I have been trying to make my own neural networks from scratch. After some time, I made it, but I run into a problem I cannot solve. I have been following a tutorial which shows how to do this. The problem I run into, was how my network updates weights and biases. Well, I know that gradient descent won't be always decreasing loss and for a few epochs it might even increase a bit, bit it still should decrease and work much better than mine does. Sometimes the whole process gets stuck on loss 9 and 13 and it cannot get out of it. I have checked many tutorials, videos and websites, but I couldn't find anything wrong in my code.
self.activate, self.dactivate, self.loss and self.dloss:
# sigmoid
self.activate = lambda x: np.divide(1, 1 + np.exp(-x))
self.dactivate = lambda x: np.multiply(self.activate(x), (1 - self.activate(x)))
# relu
self.activate = lambda x: np.where(x > 0, x, 0)
self.dactivate = lambda x: np.where(x > 0, 1, 0)
# loss I use (cross-entropy)
clip = lambda x: np.clip(x, 1e-10, 1 - 1e-10) # it's used to squeeze x into a probability between 0 and 1 (which I think is required)
self.loss = lambda x, y: -(np.sum(np.multiply(y, np.log(clip(x))) + np.multiply(1 - y, np.log(1 - clip(x))))/y.shape[0])
self.dloss = lambda x, y: -(np.divide(y, clip(x)) - np.divide(1 - y, 1 - clip(x)))
The code I use for forwardpropagation:
self.activate(np.dot(X, self.weights) + self.biases) # it's an example for first hidden layer
And that's the code for backpropagation:
First part, in DenseNeuralNetwork class:
last_derivative = self.dloss(output, y)
for layer in reversed(self.layers):
last_derivative = layer.backward(last_derivative, self.lr)
And the second part, in Dense class:
def backward(self, last_derivative, lr):
w = self.weights
dfunction = self.dactivate(last_derivative)
d_w = np.dot(self.layer_input.T, dfunction) * (1./self.layer_input.shape[1])
d_b = (1./self.layer_input.shape[1]) * np.dot(np.ones((self.biases.shape[0], last_derivative.shape[0])), last_derivative)
self.weights -= np.multiply(lr, d_w)
self.biases -= np.multiply(lr, d_b)
return np.dot(dfunction, w.T)
I have also made a repl so you can check the whole code and run it without any problems.

1.
line 12
self.dloss = lambda x, y: -(np.divide(y, clip(x)) - np.divide(1 - y, 1 - clip(x)))
if you're going to clip x, you shoud clip y too.
I mean there are some ways to implement this, but if you are going to use this way.
change to
self.dloss = lambda x, y: -(np.divide(clip(y), clip(x)) - np.divide(1 - clip(y), 1 - clip(x)))
2.
line 75
dfunction = self.dactivate(last_derivative)
this back propagation part is just wrong.
change to
dfunction = last_derivative*self.dactivate(np.dot(self.layer_input, self.weights) + self.biases)
3.
line 77
d_b = (1./self.layer_input.shape[1]) * np.dot(np.ones((self.biases.shape[0], last_derivative.shape[0])), last_derivative)
last_derivative should be dfunction.
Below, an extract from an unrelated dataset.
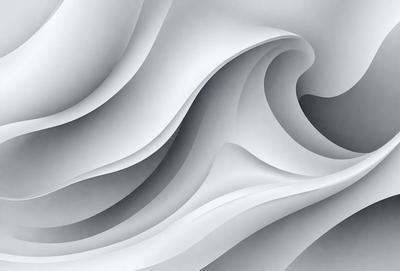 The primary subject of the image is a large, white wave. The wave is depicted in a pattern, giving it a unique and artistic appearance. The setting is a white background, which provides a clean and minimalist look to the image. The visual style is a combination of digital art and illustration, creating a dynamic and engaging scene. The dominant colors are white and gray, which contribute to the overall mood of the image, evoking a sense of calmness and tranquility.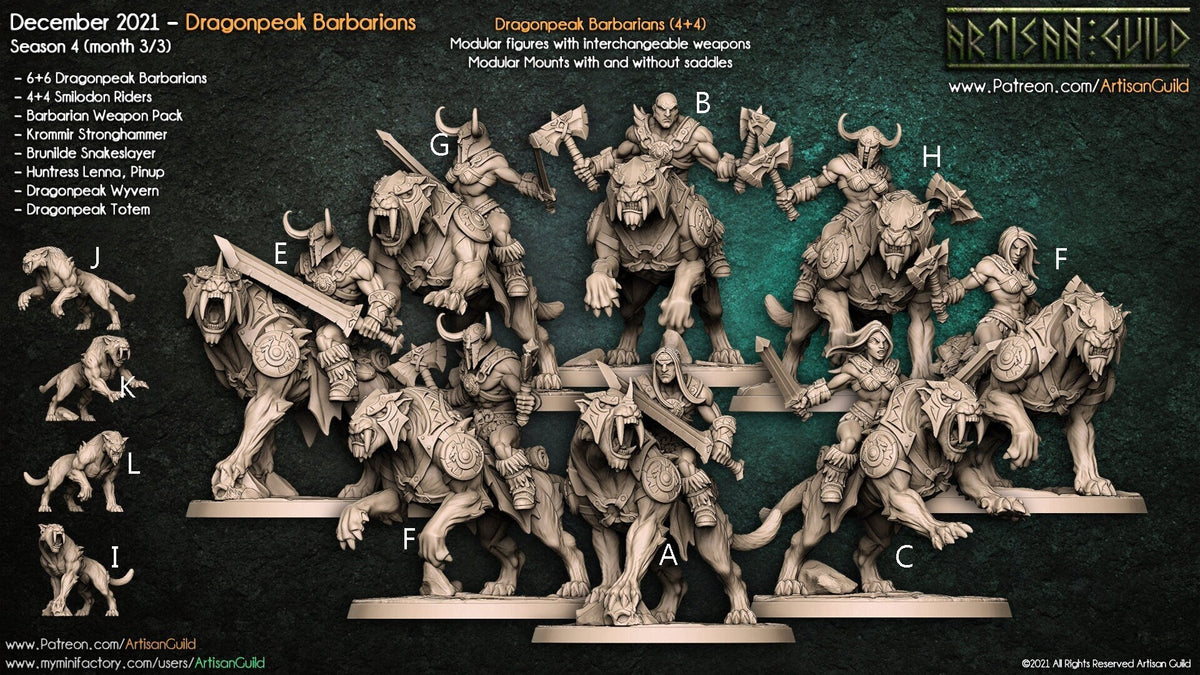 Smilodon Riders - Artisan Guild | Mount | Cat | Barbarian | Fighter | Male | Female | Fantasy | Melee | Frostgrave | DnD | Pathfinder-1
I think this is just a mistake.
change to
d_b = (1./self.layer_input.shape[1]) * np.dot(np.ones((self.biases.shape[0], last_derivative.shape[0])), dfunction)
4.
line 85
self.weights = np.random.randn(neurons, self.neurons) * np.divide(6, np.sqrt(self.neurons * neurons))
self.biases = np.random.randn(1, self.neurons) * np.divide(6, np.sqrt(self.neurons * neurons))
Not sure where you are going with this, but I think the initialized values are too big. We're not doing precise hypertuning, so I just made it small.
self.weights = np.random.randn(neurons, self.neurons) * np.divide(6, np.sqrt(self.neurons * neurons)) / 100
self.biases = np.random.randn(1, self.neurons) * np.divide(6, np.sqrt(self.neurons * neurons)) / 100
All good now
After this I changed the learning rate to 0.01 because it was to slow, and it worked fine.
I think you are misunderstanding back propagation. You should probably double check how it works. The other parts are ok I think.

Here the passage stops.